Ma come si applicano questi principi al T&A? In Italia il settore spicca per casi virtuosi rispetto alle tecniche di processo. non sono rari i casi di aziende che utilizzano energie da fonti rinnovabili, mentre la cura nello sfruttamento e nella depurazione delle acque è ormai una pratica consolidata. Ma, dove nel decennio appena trascorso gli sforzi si sono focalizzati su singoli processi, come la sicurezza chimica, ora si assiste al passaggio ad approcci sostenibili a 360°.
Alcuni esempi arrivano dai gotha della moda: Gucci è completamente carbon neutral dal 2018, e ha ridotto del 21% gli impatti ambientali totali del marchio, Herno ha introdotto la metodologia PEF (product environmental footprint) per misurare le proprie performance nell’impatto ambientale e creato collezioni con tessuti in lana e poliammide riciclati capaci di biodegradarsi in soli 5 anni. Più complessa è l’introduzione di un approccio sistemico nelle piccole e medie imprese.
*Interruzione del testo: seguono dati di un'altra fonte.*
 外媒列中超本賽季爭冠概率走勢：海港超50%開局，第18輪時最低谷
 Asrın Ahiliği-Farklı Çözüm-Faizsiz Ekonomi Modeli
Per mettere in pratica principi dell’economia circolare nella variegata costellazione delle PMI manifatturiere è necessario, prima di tutto, prendere in esame la complessità e la frammentarietà della supply-chain tessile. Con materie prime e semilavorati che spesso attraversano mezzo mondo prima di arrivare alla destinazione di «capo finito pronto per la vendita», la filiera è soggetta a più di un punto oscuro. I consumatori e gli stakeholder per superare questa opacità hanno bisogno di informazioni affidabili e sicure sui prodotti e sulla tracciabilità della produzione. Dati che spazino da impatto ambientale (il cosiddetto PEF), riciclaggio e pratiche circolari, fino a protezione della salute, condizioni sociali dei lavoratori, anticontraffazione e flussi di materie prime.
Tenere sott’occhio tutti i passaggi e correggerne eventuali gap, sprechi o punti nebulosi richiede, accanto ad un asset di produzione adeguato, tecnologie spinte per il tracciamento dei dati. Tessile Digitale, grazie all’impegno di Domina nei progetti europei finanziati dal programma quadro Horizon 2020, sta testando nuove soluzioni su questo fronte già da alcuni anni.
Con Boost 4.0 abbiamo implementato nel pilot per il Tessile un prototipo per il servizio di PCO (Dichiarazione di Origine Preferenziale) in Blockchain privata, in partnership con IBM Israele, all’interno di un progetto dedicato allo sviluppo di tool e strategie utili ad ottenere i massimi benefici possibili dall’inserimento dei Big Data nei cicli di produzione e processo, attraverso global standard, infrastrutture digitali e middleware sicuri e affidabili, piattaforme digitali per la manifattura e procedure di certificazione europea.
In TRICK , dove supportiamo il pilot Tessile, torniamo sul servizio per la Dichiarazione di Origine Preferenziale e partecipiamo all’implementazione di una tecnologia Blockchain e di una soluzione di Intelligenza Artificiale contro la contraffazione. Il tutto all’interno di un progetto per l’adozione il tracciamento e l’applicabilità di approcci sostenibili attraverso un modello innovativo e circolare di gestione delle informazioni di produzione. Al centro, lo sviluppo di una piattaforma blindata con tecnologia Blockchain, completa, sicura e standardizzata, che permetterà a PMI e manifatture di raccogliere i dati di produzione in sicurezza.